Factors that degrade database performance can arise from the initial analysis and design phases through to the development and pre-operation stages.
| step | Optimization section | Content |
|---|---|---|
| Analysis | Business Process Optimization | Eliminate inefficient elements, and perform process optimization that aligns with the business vision and strategy |
| Analysis | architecture | Considering transaction throughput, performance, data growth trends, security, and availability, set the architectural direction. |
| Design | Physical design | Response time, distributed DB environment, concurrent user count, data size, parallel processing and distribution, centralization, design for redundancy |
| Design | Application Design | Access paths, data request forms, and index considerations for optimal performance when integrated with the DB. |
| development | SQL | By improving developers’ skills and ensuring compliance with development standards, it enables adherence to performance policies. |
| Operation | OS tuning | Perform tuning for CPU, memory, disk I/O, and related components. |
| Operation | Network tuning | Perform tuning based on the volume of data, files, and other transfers. |
| Operation | DB tuning | Perform tuning of elements such as data architecture, parameters, and log files |
| Operation | Application Tuning | Continuously monitor the production system and perform tuning by applying SQL and index policies for performance‑degrading applications, as well as cluster policies. |
Caching Implementation
Caching is the process of temporarily storing data or files in an intermediate location between the client and persistent storage to process future requests faster and reduce network throughput.
Caching improves application performance and reduces costs by reusing previously retrieved data. The following content illustrates the caching mechanisms at each layer.

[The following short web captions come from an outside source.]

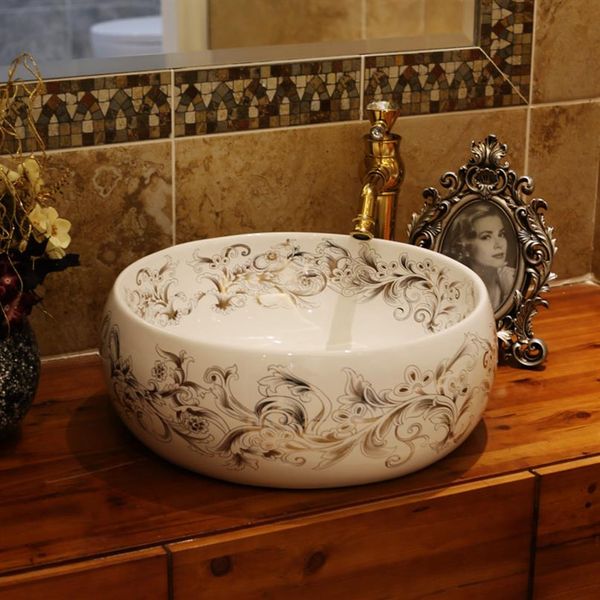 Pias de lavatório de arte em cerâmica estilo vintage europeu Lavatório de bancada para banheiro Vaidades pias de vaso de cerâmica de furo único296z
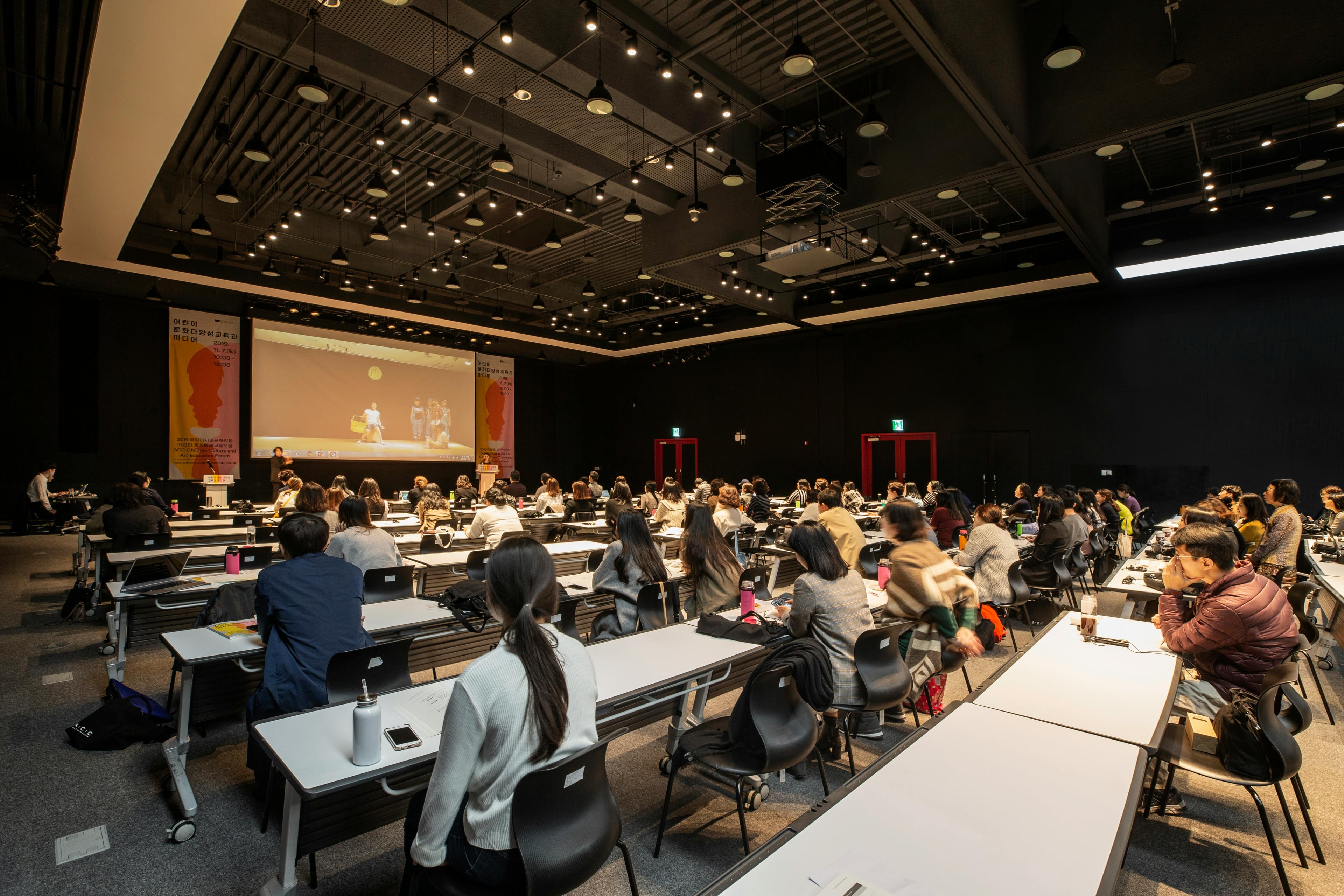 Decorative photograph of a conference hall used as a background.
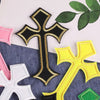 A set of multi-color cross embroidery patches featuring black, gold, pink, and yellow designs on a dark blue fabric.
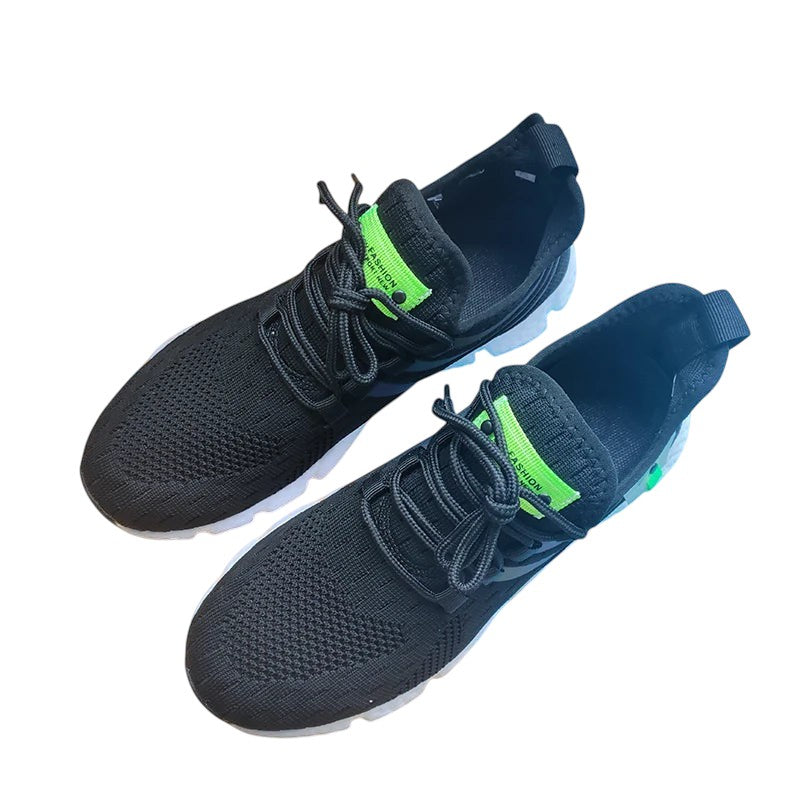 COMFORTH black mesh running sneakers with green accents and cushioned soles.
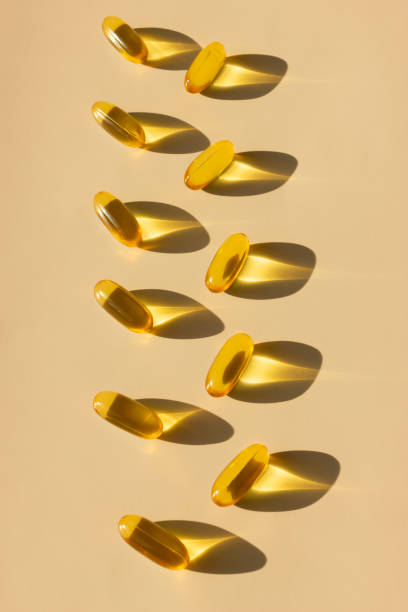 capsules d’oméga-3, oméga-6, oméga-9 dans une lumière dure avec des ombres de pilules.  médecine préventive qui aide à construire et à maintenir un corps sain. santé. prendre des suppléments beige, fond vertical - capsule fish oil fish pill photos et images de collection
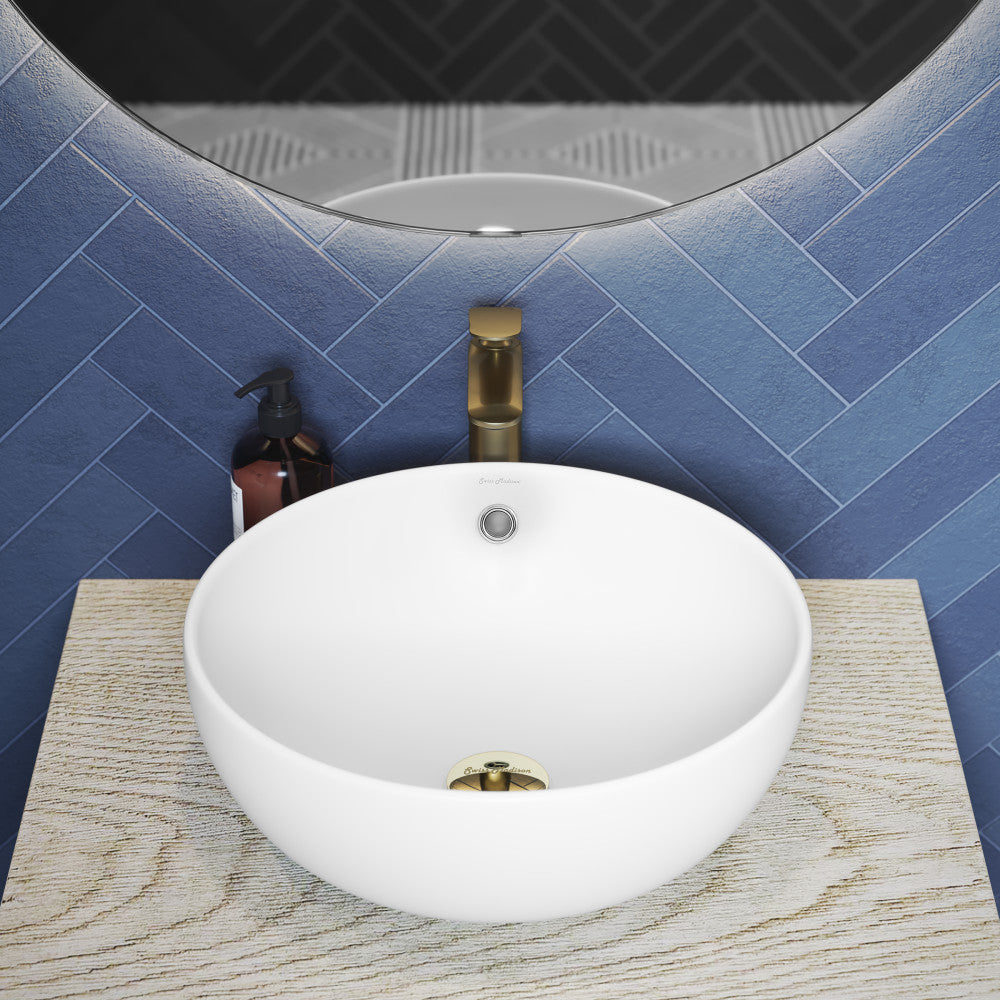 17-inch round vessel bathroom sink in matte white with centered drain and smooth curved edges.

| layer | Target | Caching implementation |
|---|---|---|
| Web layer | Web content | Improving web content delivery latency of the web server → Content delivery using a Global CDN |
| Application layer | User session data | Improve application performance and data access performance using a key/value store and local cache → State management using CacheStore |
| Database layer | Data | Reduced latency when requesting database queries using a database buffer and key/value store → Implemented data caching with CacheStore and offloaded read load by configuring replicas |
Performance efficiency of the web layer primarily relates to the delivery of static content such as images, videos, and HTML pages.
The closer this static content is served to the user’s geographic location, the lower the latency and the faster the response.
By implementing caching using a Global CDN, you can deliver content from locations closer to the user, providing a better user experience.
By applying caching in the Application layer to store the results of complex repetitive requests, you can reduce business logic calculations and database access.
Furthermore, by implementing a state management database to separate state storage from the Application server, you can improve service performance while avoiding session loss or concentration during horizontal scaling.
Generally, the speed and throughput of the entire service depend on database performance.
For services using relational databases, resources cannot be increased by scaling out horizontally, and because vertical scaling has limitations, significant effort is required for performance management.
Applying caching to the database significantly increases database throughput and reduces data retrieval latency.
Placing a Redis-based CacheStore (DBaaS) in front of the database or configuring a Replica of the Database service to distribute read load is also an effective strategy for improving performance.